LAS VEGAS—Although several trials of neuromodulation strategies for migraine have been conducted, and many more are under way, the accumulated evidence is still scant, and the jury is still out on these treatments, said Stewart Tepper, MD, at the 17th Annual Meeting of the North American Neuromodulation Society. “If we really look at where we stand with the level of evidence on what we’re recommending to our patients, it’s worth looking at the American Academy of Neurology (AAN) standards for what constitutes different classes of studies and also levels of evidence,” Dr. Tepper said.
Four areas of neuromodulation have been studied in migraine: vagal nerve stimulation (VNS), transcranial magnetic stimulation (TMS), sphenopalatine ganglion (SPG) stimulation, and occipital nerve stimulation (ONS). In assessing these treatment strategies, “it is really worth coming back to our levels of evidence and thinking about where we really stand,” said Dr. Tepper, who is Director of Research for the Neurological Center for Pain at the Cleveland Clinic.
Vagal Nerve Stimulation
“The reason we are interested in VNS for primary headache disorders is the relationship of the vagus to the pain matrix,” Dr. Tepper said. “The presumption is that one can stimulate one by stimulating the other.” According to the available evidence, 12 patients with migraine have been implanted, and six of them were responders. “These are case series, that’s it. And the most that you can say about a case series is that it is Level U—it is inadequate evidence so far,” Dr. Tepper said.
He also discussed an open-label study of a noninvasive VNS device for the treatment of migraine. “It was a study, not a case series. It was presented in abstract form. It has not yet been published in peer-reviewed form.” In this open-label study, 26 participants each treated up to four attacks. In total, 79 attacks were treated. The primary outcome measure was two-hour headache relief. A total of 46 of 79 attacks achieved that outcome, 22 of 79 attacks had pain-free outcome, and 20 of the 26 patients responded for at least one treated attack. Among those 20 patients, about three-quarters of the treated headaches responded. Adverse events included transient muscle and local tissue irritation and two reports of light-headedness. Most adverse events resolved as soon as the patient turned off the stimulator or within two hours of treatment.

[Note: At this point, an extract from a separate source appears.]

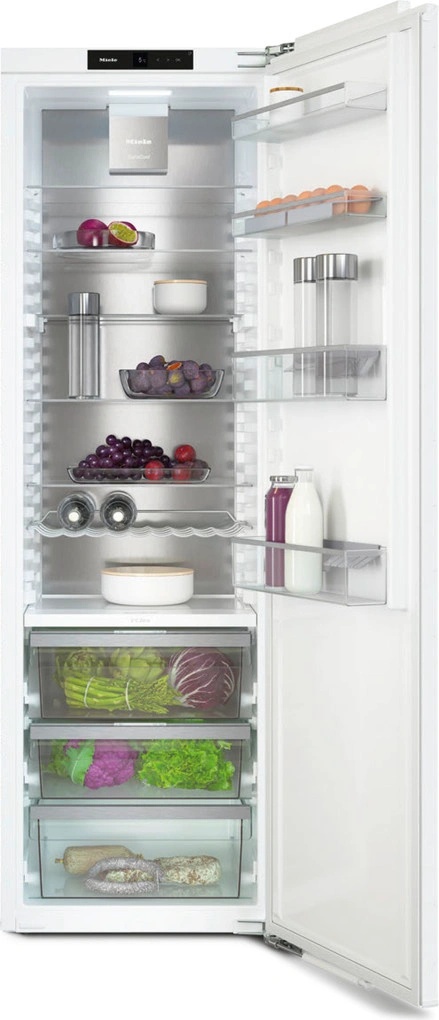 Miele K 7747 C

“If this [treatment] works in a randomized controlled trial, it shifts the paradigm very dramatically for our migraine patients,” Dr. Tepper said. While there is a randomized controlled trial under way for the noninvasive VNS device for chronic migraine, “at this point, the evidence level is U—no randomized controlled trial data in the public domain, and even the open-label study is not fully published.”

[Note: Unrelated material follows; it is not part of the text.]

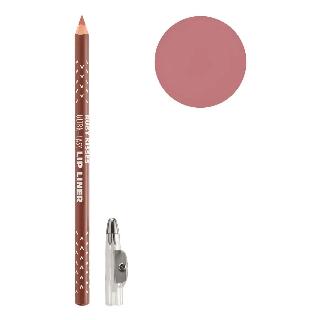 RK ULTRA EASY LAPIS MAD LAB NUDE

Transcranial Magnetic Stimulation
“The way we think TMS works has to do with aura,” Dr. Tepper said. In migraine with aura, the cascade of events that leads to cortical spreading depression is interrupted by TMS. “There were two randomized controlled trials of TMS in migraine,” Dr. Tepper said. One was for acute treatment of migraine with aura—patients had to have at least 30% of their attacks with aura. In this study, at least one attack was treated with TMS, and one attack was treated with sham. The primary outcome measure was two-hour pain free. Close to 40% achieved that outcome with TMS, and only about 20% with sham, a finding that was statistically significant.
“Interestingly, TMS didn’t appear to terminate migraine without aura, suggesting that it may be working on cortical spreading depression and not on the central generator of pain,” Dr. Tepper noted. “However, lest you think this is clear, a preventive trial by Misra et al. published in 2013 was a study of episodic migraine prevention, all comers.” Patients had to have at least four attacks per month. The primary outcomes were diminished headache frequency by at least 50% or diminished headache severity measured by the visual analog scale (VAS) by at least 50%. Secondary outcomes included functional disability and rescue benefit. At one month, TMS decreased the frequency of the migraines by almost 79%, as opposed to 33% for the sham. In addition, VAS scores and functional disability decreased. One patient withdrew due to drowsiness, and two were lost to follow-up.
“The level of evidence for TMS is at least B,” Dr. Tepper said. “You can argue whether these were Class 1 studies, but giving them the benefit of the doubt, the study for acute treatment of migraine would be Level B based on one Class I trial, and the study for prevention of migraine would also be Level B.” He noted, however, that the study of acute treatment was for migraine with aura only, while the prevention study was for all comers. On December 13, 2013, the FDA approved the TMS device used in the acute randomized controlled trial for the indication of acute treatment of migraine with aura.